Finance minister Pranab Mukherjee skimmed lightly over the problems afflicting the agricultural sector – food inflation, inadequate agricultural production, declining soil fertility, massive food wastage – and made no mention of agrarian distress or debt-driven farmers’ suicides. Those expecting reforms in agriculture and the public distribution system were doomed to disappointment.
The increase in rural credit flow by Rs 1 lakh crore is presumably expected to benefit farmers and simultaneously boost agricultural production. But the experience of the last decade has shown that increased access to credit has not helped the farmer in the long term, due to rising input costs which nullify any gains from enhanced MSPs. Farming remains as unviable as ever.
Fertilizer costs went up following the introduction of the nutrient-based fertilizer policy last year, just as labour costs increased due to the NREGS – and will continue to do so. Capital and operating costs, too, have increased due to falling water tables, necessitating investment in submersibles, diesel pumps, etc. Default on electricity bills by farmers – sometimes whole villages – is a common problem faced by state electricity boards.
In order to facilitate delivery of fertilizers to BPL farmers, a direct cash subsidy is to be introduced. How exactly this will address black marketeering and hoarding of fertilizers – increasingly common in the last one year, when fertilizer (despite the government claims to the contrary) were in short supply – remains to be seen.
On the issue of credit, the FM’s contention that farm loans would be available at an effective rate of 4 percent, as opposed to 7 percent earlier, must be taken with a pinch of salt. If that is the case, why is micro-finance (sometimes at interest rates of 24 percent or more) still thriving? Clearly, delivery of institutional finance is lacking. While allocations for micro-finance are welcome, the fact that there is no cap on borrowing rates is a major lacuna.
Given the UPA’s commitment to the food security bill, the need to ensure adequate agricultural output is clearly exercising the FM. Hence his emphasis on the East India Green Revolution as a means of boosting production. At the same time, he referred to the problems created by the first Green Revolution (in Punjab and Haryana), like decline in soil fertility due to overuse of chemical inputs. The intent is clearly to broadbase procurement for the public distribution system by exporting the Green Revolution – with all the attendant problems – eastwards, where soil is still fertile and access to water easier. The current dependence on Punjab and Haryana for procurement is worrying, as per hectare productivity is falling – by as much as 22 percent.
A positive aspect of the budget is the FM’s allocation of Rs 300 crore each for promoting production of pulses, oilseeds, coarse cereals, fodder, organic farming, vegetables and meat and poultry. The funds may be paltry, more in the nature of pilot projects than full scale programmes, but it is a start.

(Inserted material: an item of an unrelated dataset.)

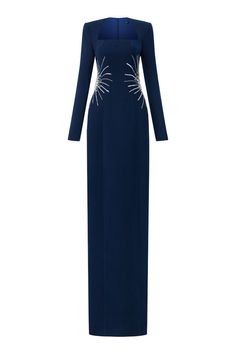 IRENE CREPE BODYCON MAXI DRESS - CULT MIA Dark Blue Dress Long Sleeve, Happy Clothes, Blue Long Sleeve Dress, Dark Blue Dress, Long Bodycon Dress, Bodycon Maxi Dresses, Exclusive Dress, Embroidery Designs Fashion, Dresses By Length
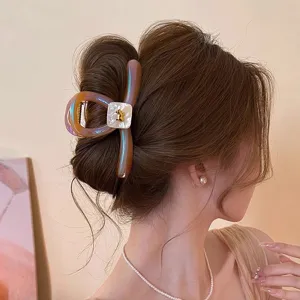 Primo piano dettagliato della molletta per capelli cucciolo trasparente, elegante design in resina.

Pulses and oilseeds production is way short of demand and along with the decline in coarse cereals, is seen as a leading cause of malnutrition in the country. However, the allocation for oilseeds is to go towards creating palm oil plantations, which are neither suitable nor desirable for the Indian constitution and climate. Promotion of mustard and sesame are far more viable and healthier alternatives.
As for fodder, the shortages have been exacerbated by the diversion of agricultural waste as fuel for industrial units and a policy decision to stop this practice may go a long way in addressing the gap.
Vegetable clusters near urban centres would cut down the need for transportation and storage by ensuring fresh produce for local consumption. Food policy activists have been promoting local production, storage and consumption of produce as opposed to massive public and private investments in storage and transportation infrastructure. However, the narrow procurement base and centralised structure of FCI leaves the FM with no choice but to effectively increase food storage capacity by a third.
Interestingly, while the FM talked of improving supply chain management, APMC (Agricultural Produce Marketing Committee) reforms and linking farmers directly with markets, he did not speak of introducing foreign direct investment in multi-brand retail – a blow to Wal-Mart and its ilk.
In terms of agriculture, the Karnataka government has proved far more innovative. This year, it tabled an ‘agriculture budget’, providing for credit at 1 percent, Rs 200 crore for organic farming, Rs 1,000 crore for development of farms, Rs 125 crore for bio-fuels, a soil enrichment programme, mobile agricultural extension units and rejuvenation of water sources.
Union agriculture minister Sharad Pawar dismissed the idea of a separate budget for agriculture but it may be less far-fetched than it seems, bringing diverse schemes for the rural sector under a single policy document.